I had little or no knowledge of the word policy (other than spelling it correctly). I would not comprehend a decent level of policy for another 5 years. I did not comprehend the exploitation of subsidisation and the impact on the quality of life until years after that. So was I in any place to give voice to who should direct a nation in any direction?
Jason introduces some and reminds many of epistocracy. Here we see: “Epistocracies retain the same institutions as representative democracies, including imposing liberal constitutional limits on power, bills of rights, checks and balances, elected representatives and judicial review. But while democracies give every citizen an equal right to vote, epistocracies apportion political power, by law, according to knowledge or competence“. If nothing else, it is the showing of the failings through the current American president Donald Trump that is calling for such a change.

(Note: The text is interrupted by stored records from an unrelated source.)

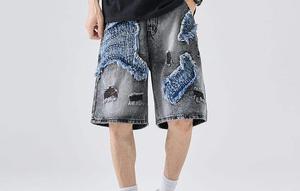 Shorts en jean stretch pour homme, mode décontractée, coupe ample, haute qualité, noir foncé délavé, streetwear - Product Image 3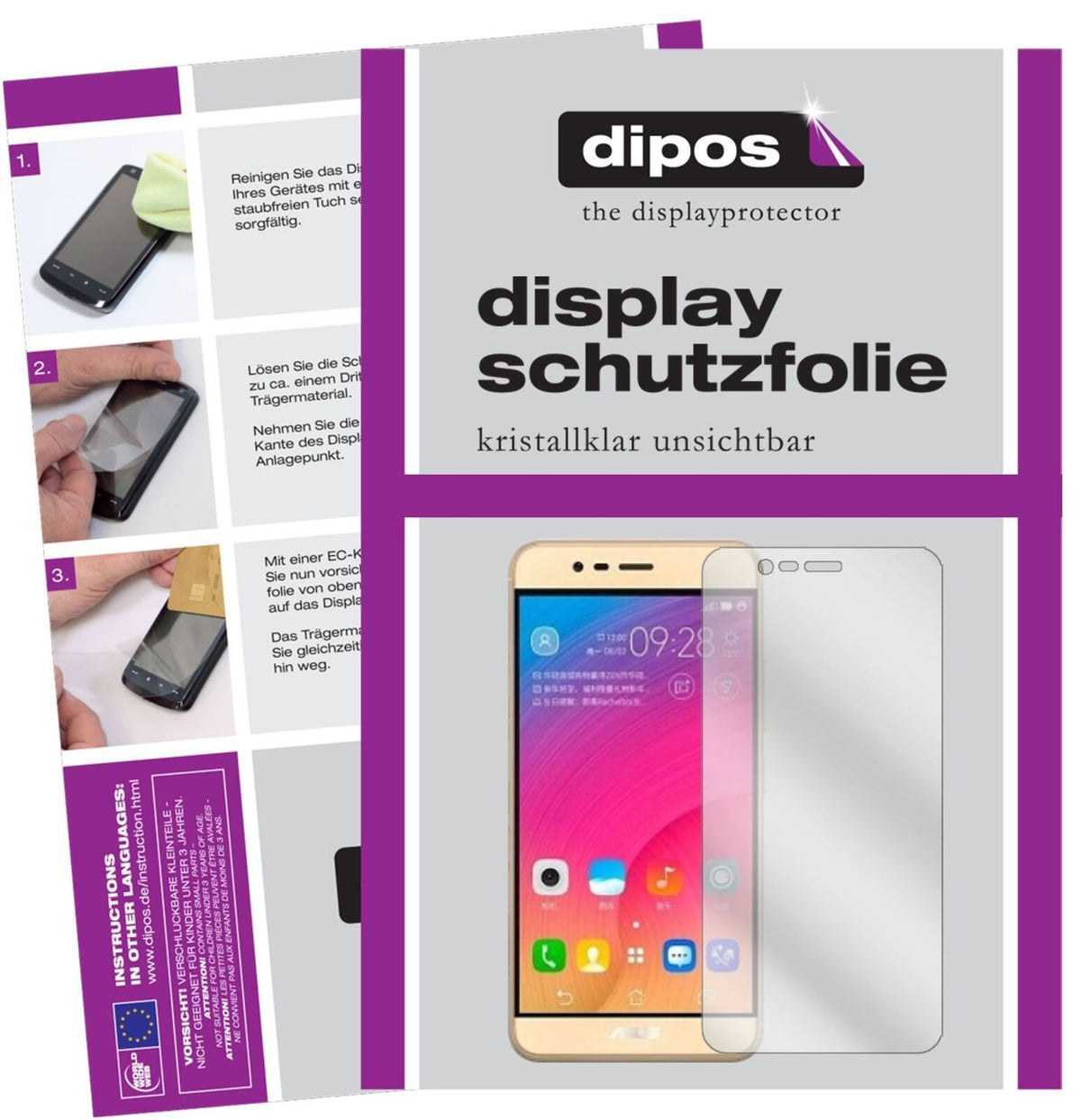 4x Schutzfolie klar für Asus ZenFone Pegasus 3s Di (1)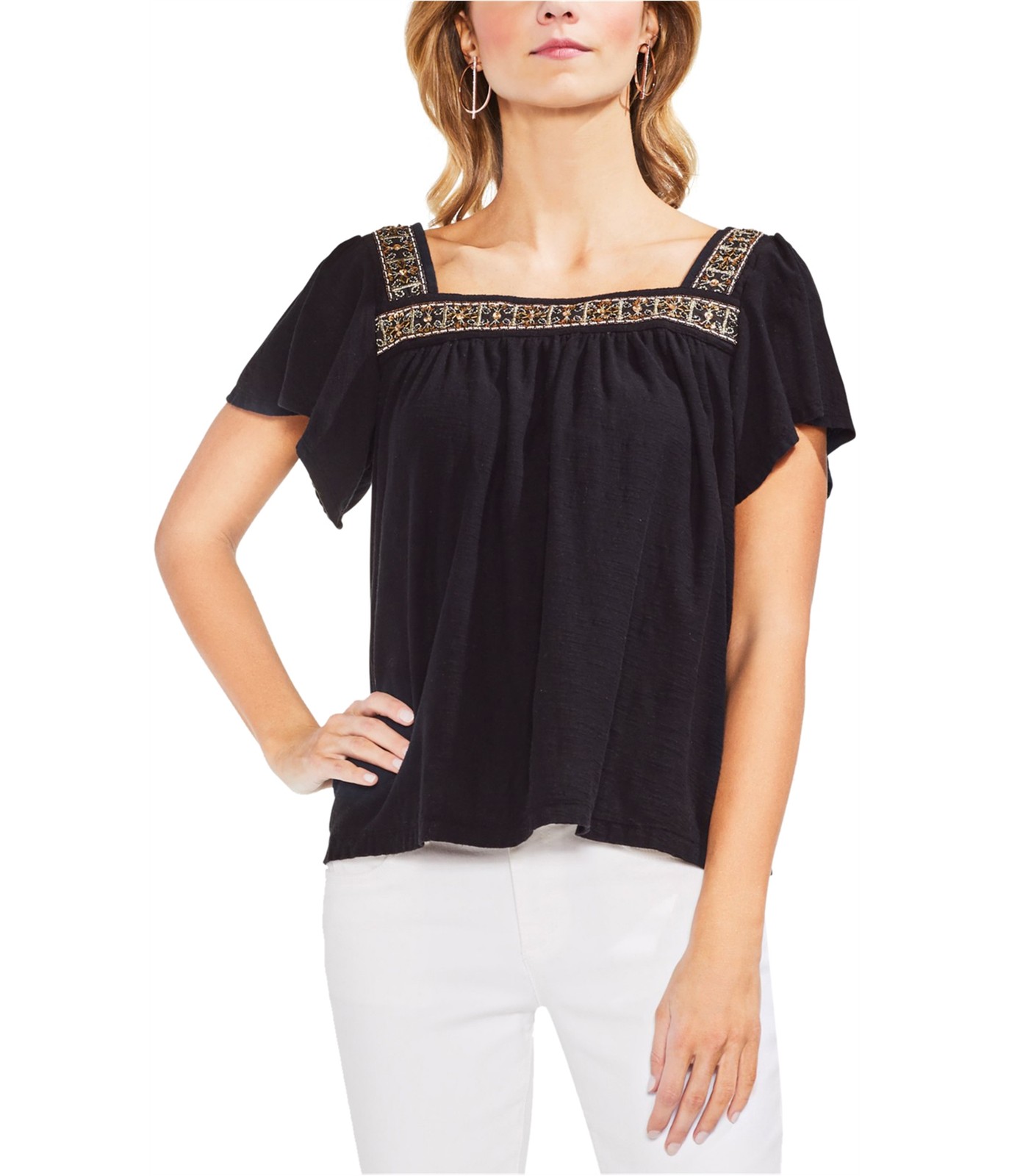 Женская блузка-пуловер с вышивкой пайетками Vince Camuto, черный, Маленький размер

There are examples in Australia and the UK for similar shifting, yet how to resolve it? There are voices that we have become too dumb for any democracy, yet in this, if we are about checks and balances, there is an upside to all this. In equal measure we will push towards the creation of an accountable press society. Meaning that some of the glossy news innuendo presenters could find themselves barred from ‘journalistic consideration‘ in some future. As dumb is becoming an issue, then too clever needs to be looked at as well. You see, some politicians are merely too clever for their own good and they have not been overly intelligent about it.

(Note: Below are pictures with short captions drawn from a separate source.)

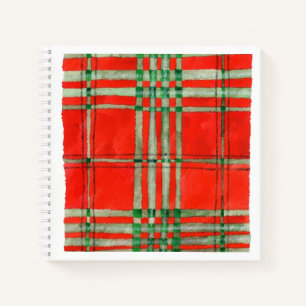 ROUGE SCOTT TARTAN 8,5x8,5 Carnet spiral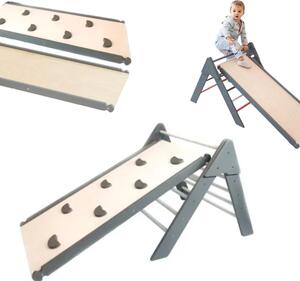 Triangolo di arrampicata, struttura di arrampicata in legno per bambini Triangolo di germoglio, scivolo per bambini | bianco-grigio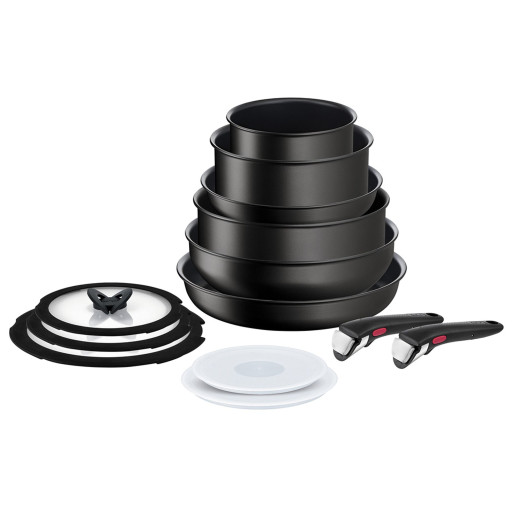 Set de 13 piese Ingenio Unlimited L7639002, înveliș antiaderent 100% sigur, Thermo-Signal™, 2 mânere detașabile, aluminiu, negru -  Tefal L7639002  imagine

Political science site The Cut gives us additional goods via Jesse Singal. We see: “Whatever cutoff point you set for You Must Have This Much Knowledge to Ride the Epistocracy, it would in all likelihood be strikingly easy for rich people to meet that threshold, simply because of how money and privilege and education work, and the vast majority of the people who couldn’t get past the sign would probably be poor — and therefore disproportionately non-white as well” In this Jesse is right and we can partially solve it by having political science in High School, I admit not the greatest place. A place where most are sex, sport, gaming and procrastination driven, oh and there is an abundant need to imagine one of the sports illustrated swimsuit models doing a balancing act with her vagina on your penis (or is that the other way round?) Yes sex sells in so many ways and it gets you past more classes dreaming through the day. So we have a much larger problem than we think, but there is a growing consensus that the current democracy no longer hacks it.

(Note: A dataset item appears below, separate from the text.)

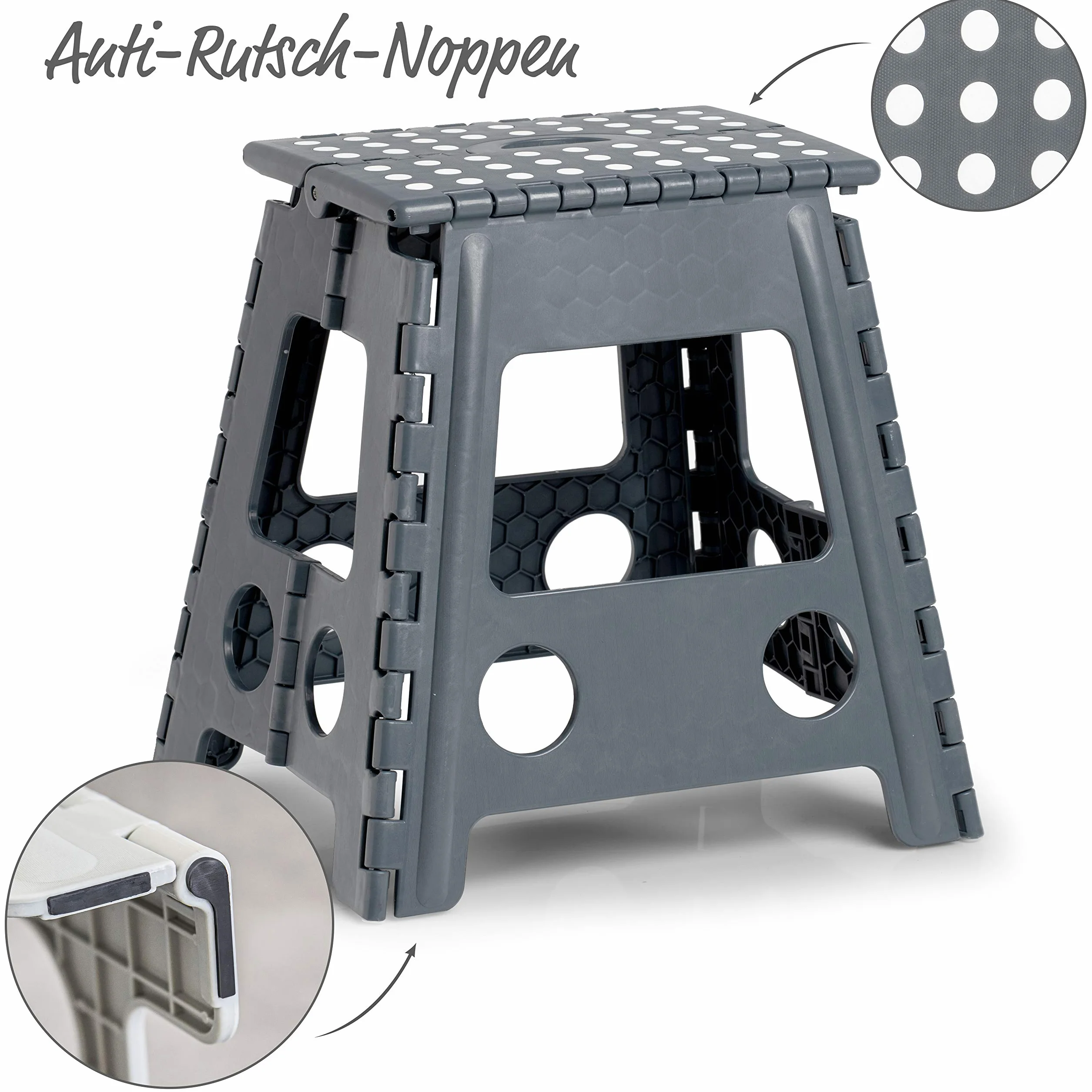 Zeller Składany Stołek Premium 150 kg 38,5 x 31,5 x 39 cm Antracyt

Some might remember Starship Troopers, the movie. There is a quote that comes from Heinlein’s book: “When you vote, you are exercising political authority, you’re using force. And force, my friends, is violence, the supreme authority from which all other authorities are derived!” It is an important realisation that we all have this power and we squander it, at times almost utterly meaninglessly. The same book also gives us a ‘Citizens versus Civilians’ issue. When I was young I was living with the impression that this was merely a resident versus citizen equivalent. You see, the setting is: “Citizenship is a privilege, not a right, the competency tests help weed out the complete idiots and morons. Also, if you have to work for the right to vote, you will be more likely to study the candidates in order to use your vote better. That which is free is valued little, but that which costs much is valued highly“. We seem to have forgotten about the ‘privilege’ part and the current settings all over the world give rise to this shift. When we are seeing the implications here, we see that on one hand it would spell a massive advantage to republican based people, yet the balance here is that intelligence comes creeping in and there goes their advantage. Some even dug into that deeper stating that in the old style stage of militia (the age of the minutemen – 1645) only citizens were allowed military grade weaponry. So we would optionally have two optional advantages here, we get a natural culling of weapons and those who are wielding them and we get a less likely evolution of the populist politician, all advantages. We also accept that there are weaknesses in all this and it would never ever be perfect. Yet if it would be better to what we have now, would it be a solution to consider?
That is the question, is it not?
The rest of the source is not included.